● TASK PROMPT
Every line below that holds "Edition" must be copied.

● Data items
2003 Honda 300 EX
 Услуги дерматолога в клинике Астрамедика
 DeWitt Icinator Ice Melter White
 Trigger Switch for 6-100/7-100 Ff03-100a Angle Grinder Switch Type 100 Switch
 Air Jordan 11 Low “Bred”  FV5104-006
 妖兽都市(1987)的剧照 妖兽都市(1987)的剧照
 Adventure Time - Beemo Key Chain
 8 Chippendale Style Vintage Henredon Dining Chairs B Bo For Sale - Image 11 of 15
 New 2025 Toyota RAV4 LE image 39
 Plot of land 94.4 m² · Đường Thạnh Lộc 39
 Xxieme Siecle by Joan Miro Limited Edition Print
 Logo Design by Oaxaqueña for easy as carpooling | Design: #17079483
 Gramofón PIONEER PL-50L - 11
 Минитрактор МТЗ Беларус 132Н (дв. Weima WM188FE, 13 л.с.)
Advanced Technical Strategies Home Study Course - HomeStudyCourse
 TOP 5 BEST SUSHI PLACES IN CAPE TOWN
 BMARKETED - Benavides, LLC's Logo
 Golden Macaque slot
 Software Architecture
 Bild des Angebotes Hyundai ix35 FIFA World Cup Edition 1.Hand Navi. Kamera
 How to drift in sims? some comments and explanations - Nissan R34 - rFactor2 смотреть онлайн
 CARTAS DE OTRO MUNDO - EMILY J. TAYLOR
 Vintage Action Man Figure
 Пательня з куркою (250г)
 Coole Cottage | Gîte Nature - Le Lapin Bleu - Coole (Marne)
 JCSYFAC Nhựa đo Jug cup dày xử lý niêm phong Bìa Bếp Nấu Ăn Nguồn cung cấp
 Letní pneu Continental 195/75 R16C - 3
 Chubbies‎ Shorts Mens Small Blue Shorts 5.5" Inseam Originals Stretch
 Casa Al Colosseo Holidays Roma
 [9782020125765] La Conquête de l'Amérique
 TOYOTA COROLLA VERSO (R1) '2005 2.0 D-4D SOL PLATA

● ANSWER SPACE
 Xxieme Siecle by Joan Miro Limited Edition Print
 Bild des Angebotes Hyundai ix35 FIFA World Cup Edition 1.Hand Navi. Kamera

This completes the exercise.